Regime Change and Revolutionary Entrepreneurs

How does rebel violence foment revolution?

In many settings, campaigns of asymmetric violence appear to foment massive uprisings. For instance, the National Liberation Front’s terrorist campaign helped to spark the Algerian War of Independence. Violence by Aftentine guerilla groups in the late 1960s and early 1970s led to much larger-scale insurgency by the mid-1970s. Terrorist tactics and other forms of violent agitation by Russian revolutionaries helped set the stage for the “spontaneous” uprising of 1905 and 1917.

To account for this relationship, Bueno de Mesquita starts by imagining a citizen with anti-regime feelings who is considering joining a revolutionary movement. She wants to join only if the movement is sufficiently likely to succeed. Success depends on many people mobilizing. So this citizen is looking for information about how many of her fellow citizens feel similarly.

Into this setting steps a revolutionary vanguard. The vanguard wants to persuade citizens to join the fight. To do so, it must convince them that many other citizens will do likewise.

The tool the vanguard has at its disposal is insurgent violence, such as guerilla or terrorist attacks. The vanguard are, to paraphrase Mao, fish swimming in the sea of the people—depending on regular citizens for material support, safe havens, information, and recruits. As a result, acts of violence may be persuasive to a citizen considering whether to join the movement. If the vanguard is able to pull off many attacks, it must be that they have significant support and the revolution is likely to succeed. Hence, even relatively small scale vanguard violence facilitates mobilization and may spark seemingly spontaneous, large-scale uprisings.

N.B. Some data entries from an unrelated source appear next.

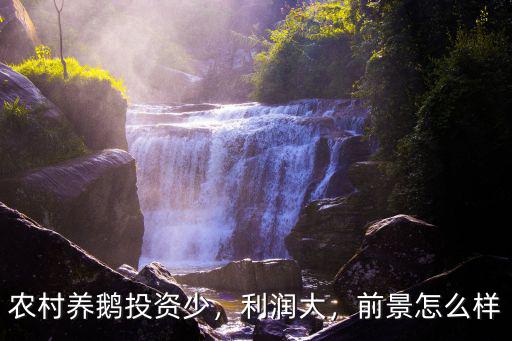 河南養鵝前景怎么樣,其前景怎么樣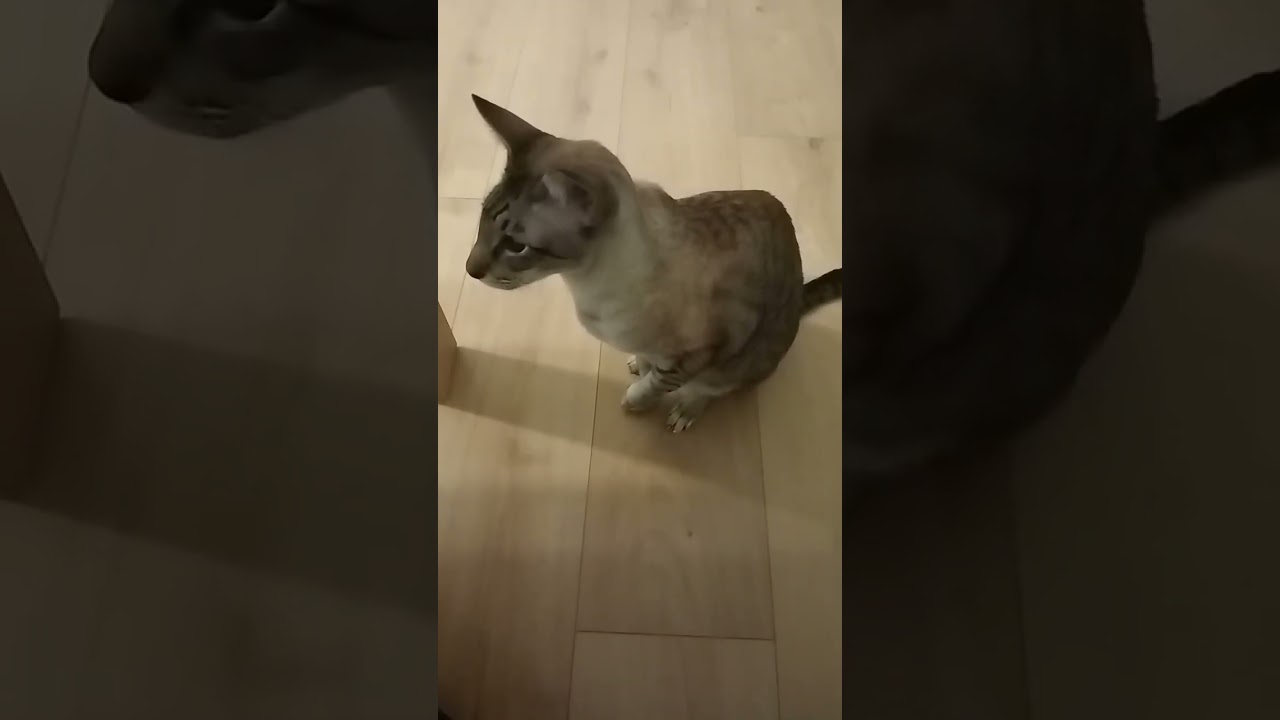 This Cat Just Discovered Happiness 😻🐾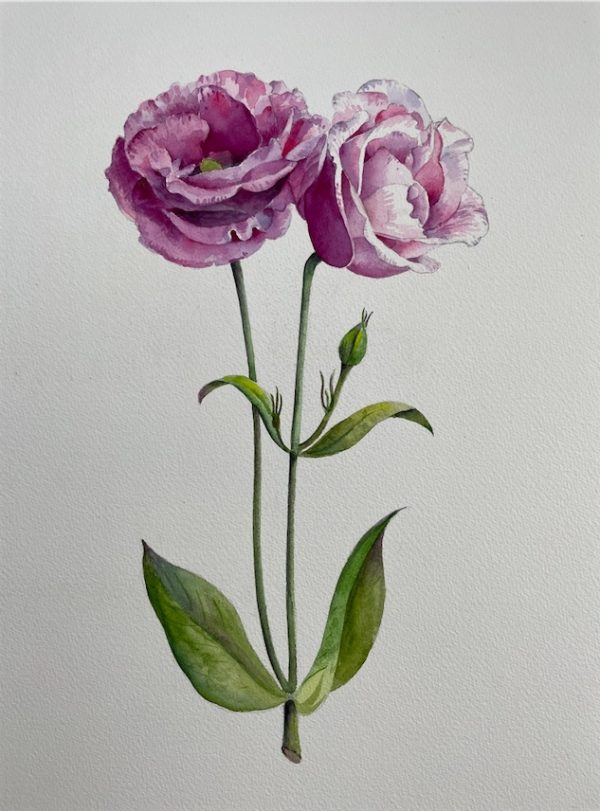 Lisianthus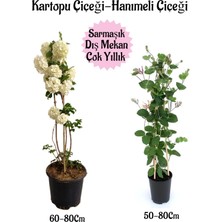 Serada Decor Plant Kartopu Çiçeği 1 Adet +Kokulu Hanımeli Çiçeği 1 Adet Saksılı Bahçe Peyzaj Seti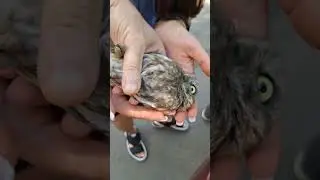 Сыч КУЗЯ 🦉🦉🦉 с ним будет все хорошо 👍👍👍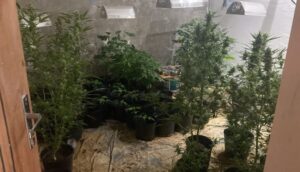 Polícia Civil fecha laboratório de produção da supermaconha em Davinópolis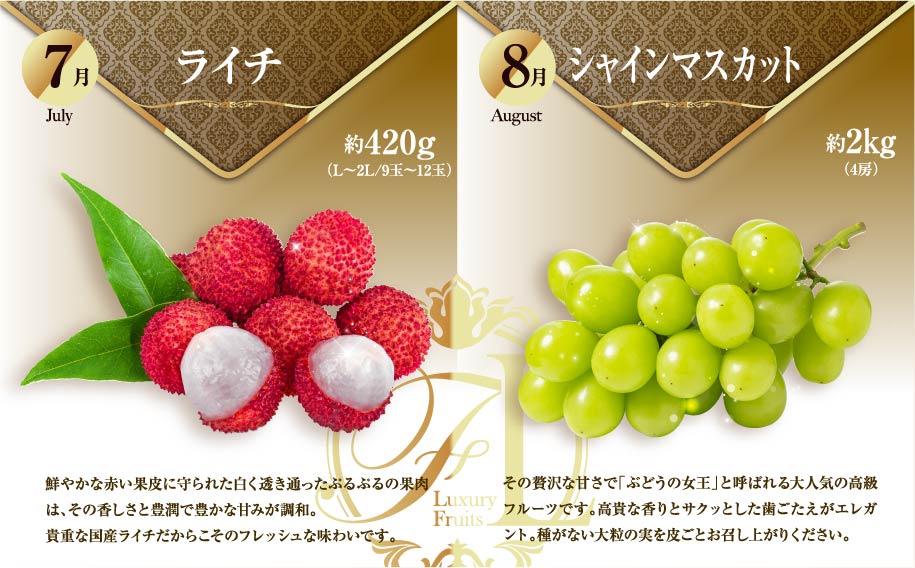 旬のくだもの定期便 「特選コース」 全12回 マンゴー いちご マスカット 国産 宮崎【G52】
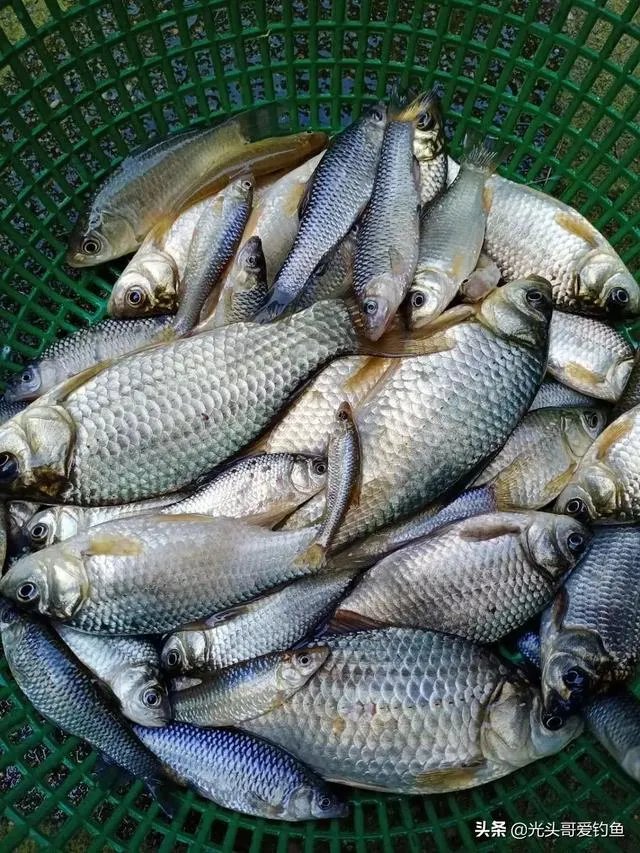 户外钓鱼直播怎么做？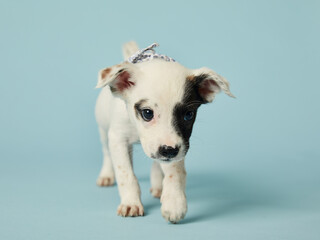 Black and white puppy portrait isolated on light blue background.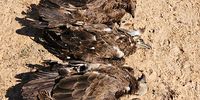 Some of the 100 vultures poisoned at Lionspruit Game Reserve.  (Photo: Wild and Free / VulPro)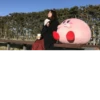 Kirby 28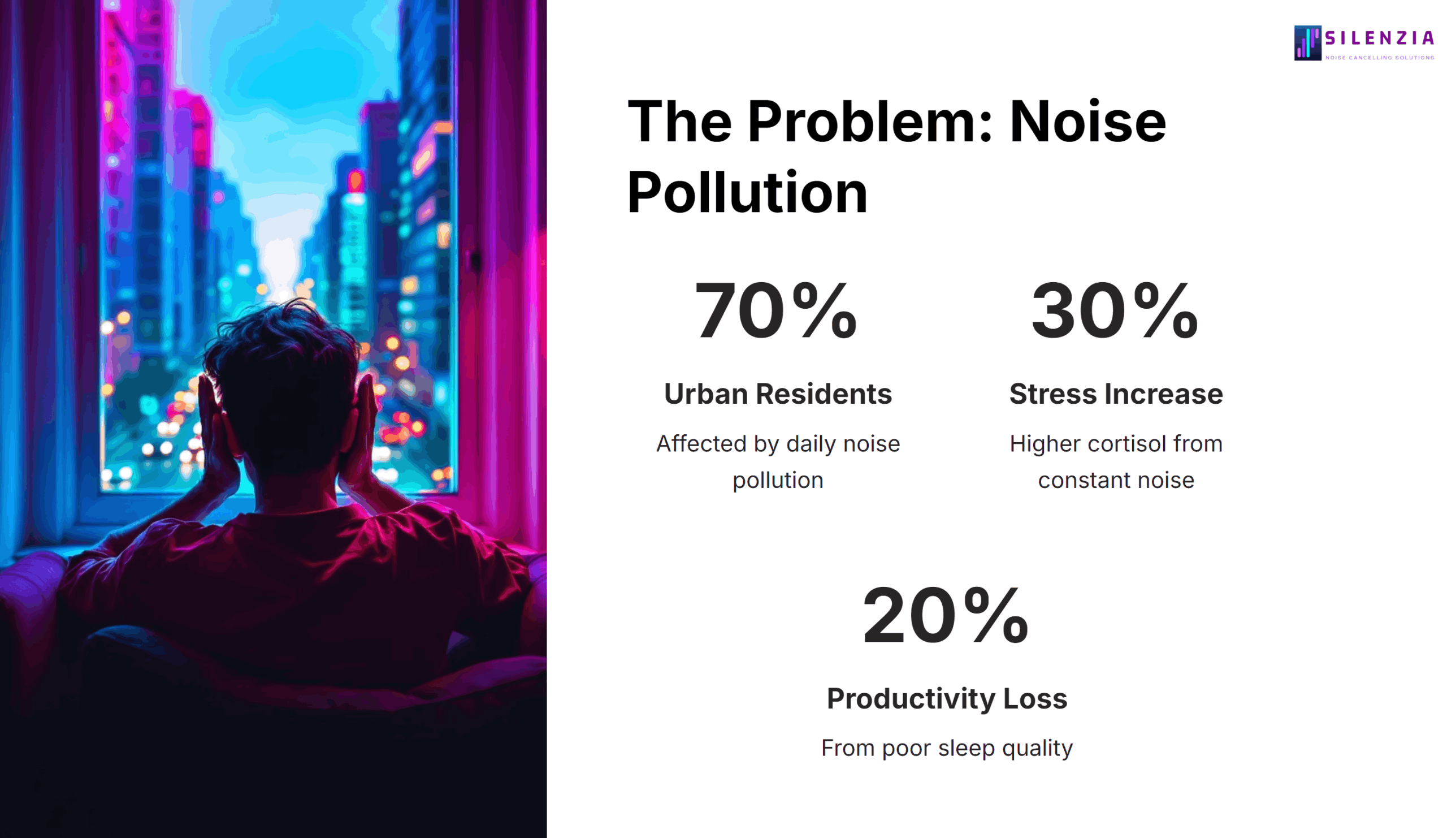 The Problem: Noise Pollution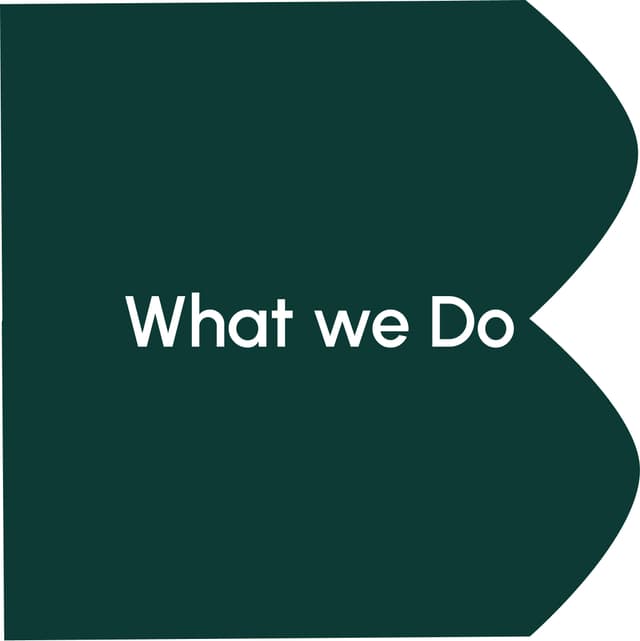 What we do 1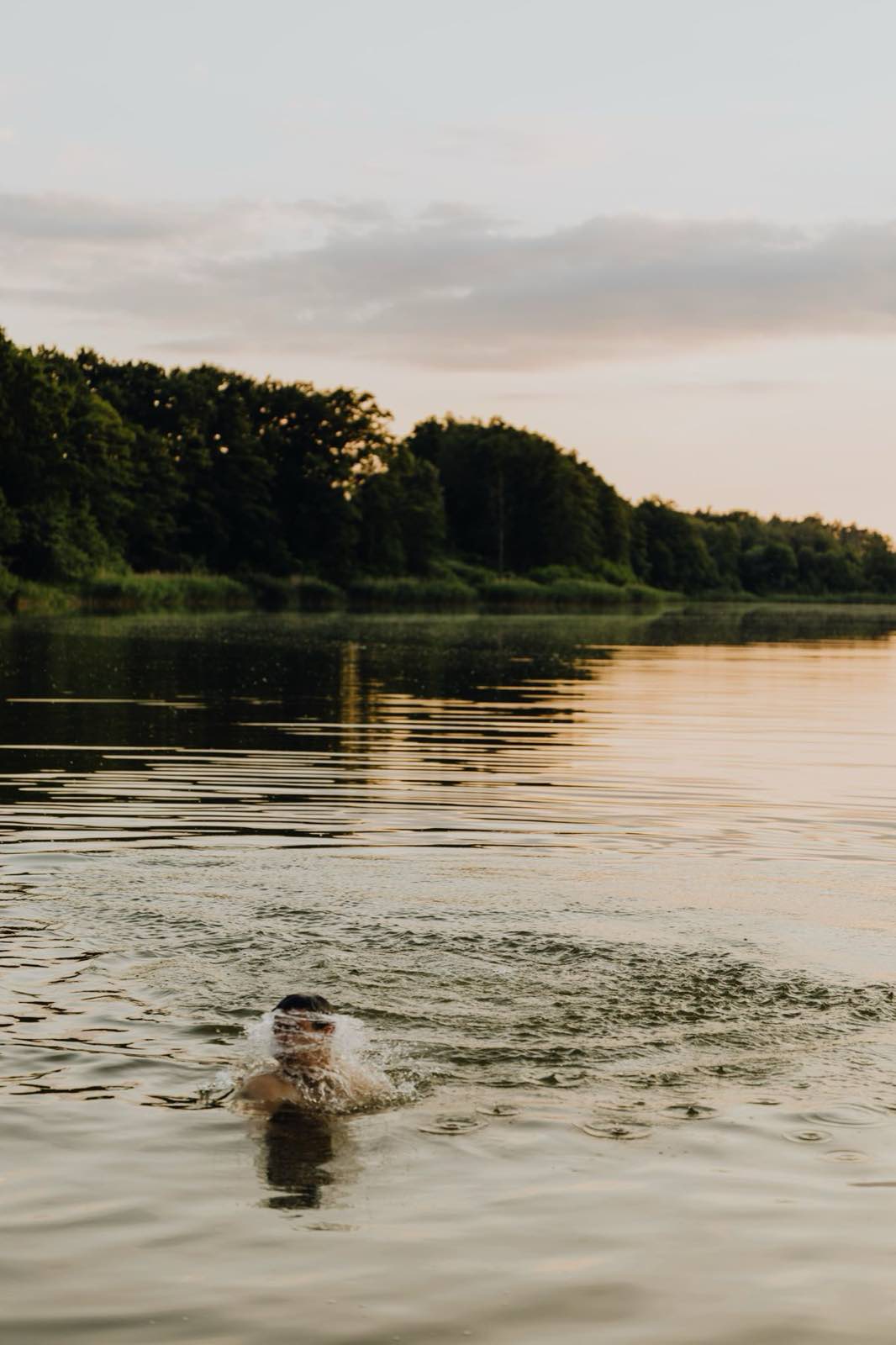 A swimmer in still northern water at golden hour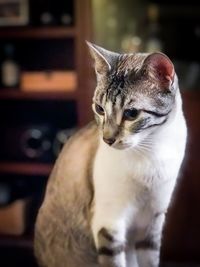 Close-up of cat looking away at home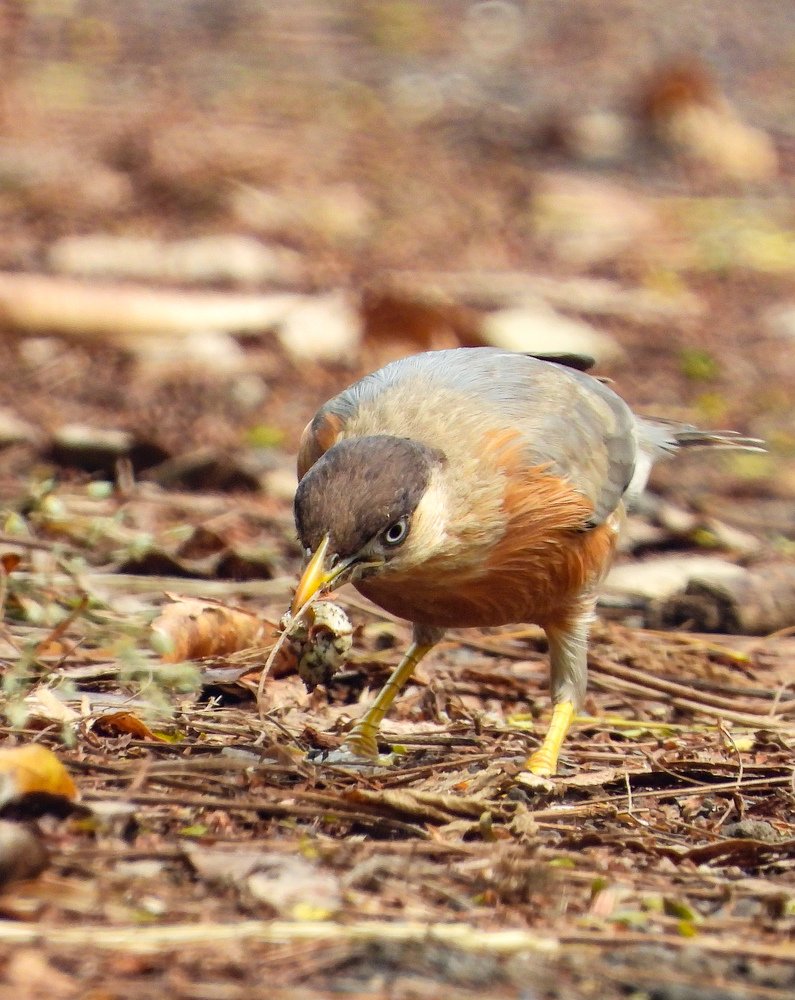 Photograph by Harshal Parate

In addition to providing a way to think about how rebel violence foments revolution, Bueno de Mesquita’s model contributes more broadly to ongoing debates about the origins of political violence. In particular, it has implications for empirical literatures attempting to assess the extent to which structural factors—e.g., regime capacity, international pressure, grievances, the economy—are “root causes” or political violence. The model also highlights a difficulty in assessing the efficacy of vanguards. While the model shows a mechanism by which vanguard violence might be efficacious, it also predicts the presence of selection effects. Revolutionary vanguards only emerge in societies that are already prone to regime change. Thus, even if vanguard violence is relatively ineffective, a society with a more active vanguard will be more likely to have a successful revolution (all else equal) than a society without one. Hence, a correlation between vanguard activity and high levels of revolutionary mobilization may not constitute evidence for the causal efficacy of vanguards.